Some of both, but I think the second effect is dominant. The rest of this post is all my analysis from scratch as a non-EE, so hopefully it makes sense.
Let's say we have an antenna at the end of a 100-meter (electrical length) lossless transmission line that's mismatched to the antenna by a 10:1 SWR. We'll assume that there's perfect reflection at the transmitter end of the feedline (so the transmitter is a perfect current source, doesn't dissipate anything, and can withstand whatever voltage is necessary).
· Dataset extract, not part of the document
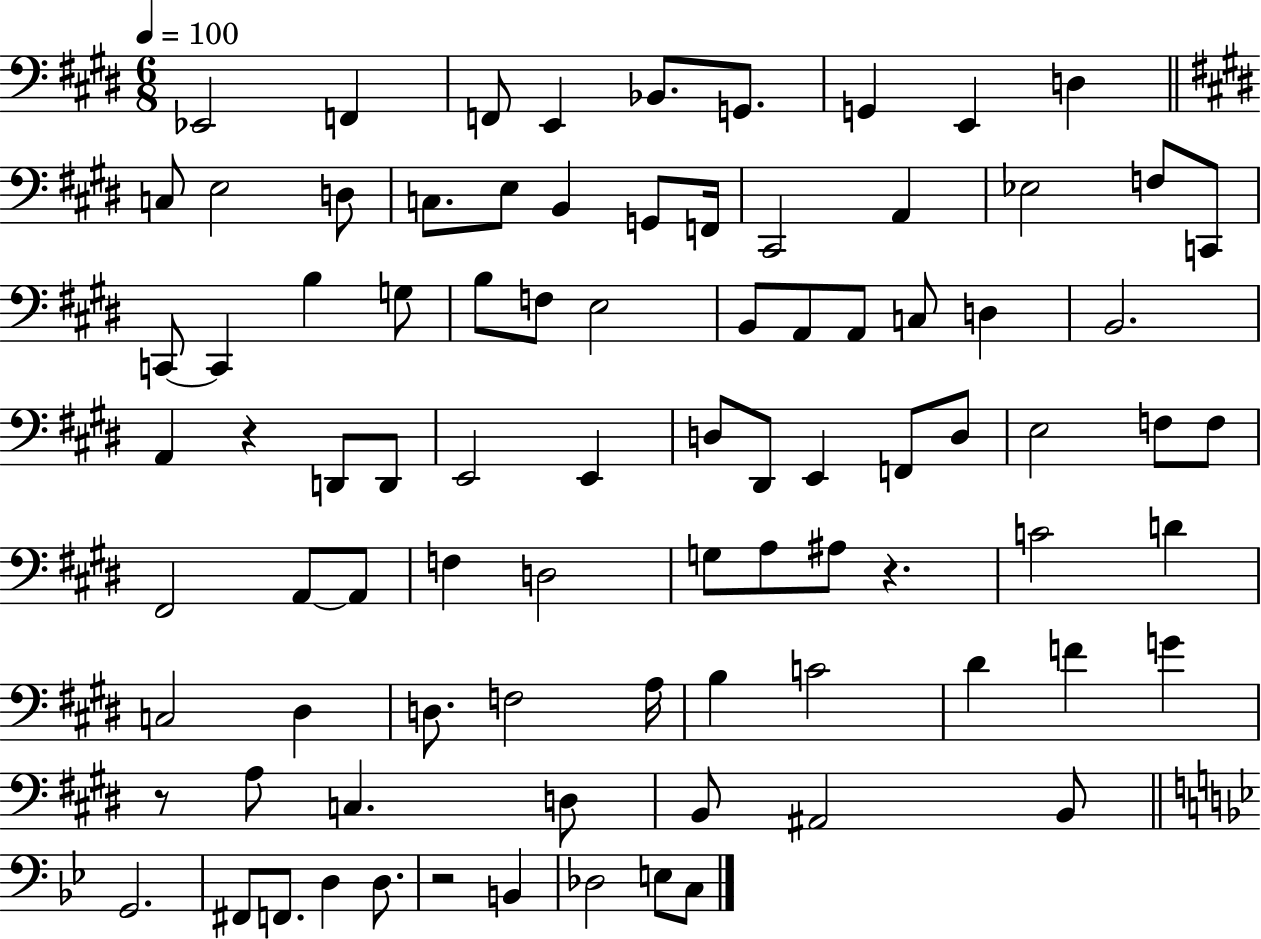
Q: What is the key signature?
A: E major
10:1 VSWR is an 0.82 voltage reflection coefficient, which amounts to a 0.67 power reflection coefficient. If we send a pulse from the transmitter, 33% of power goes into the antenna and 67% of power gets reflected down the feedline, reflected again, and comes back for another try, 33% of that 67% is absorbed by the antenna, etc. etc. Those two trips along the feedline take 667 nanoseconds. $ 0.67^2 \approx 0.45 $, so after 1.5 round trips, over half of the power has made it into the antenna. Those 1.5 round trips take 1 microsecond, so any modulating signal with a bandwidth less than 1MHz will survive pretty much intact. $ 0.67^{12} < 0.01 $, so after 11.5 round-trips, more than 99% of the power has been delivered, and anything under 130kHz is going to have pretty much undetectable distortion. Since our signals on HF are almost always under 6kHz wide (and usually under 3kHz) this seems pretty safe.
Modifying our simplified system by adding loss in any part of it, or making the mismatched section shorter than 100m, or making the SWR lower than 10:1, all make the reflections die down that much faster, giving a more favorable result.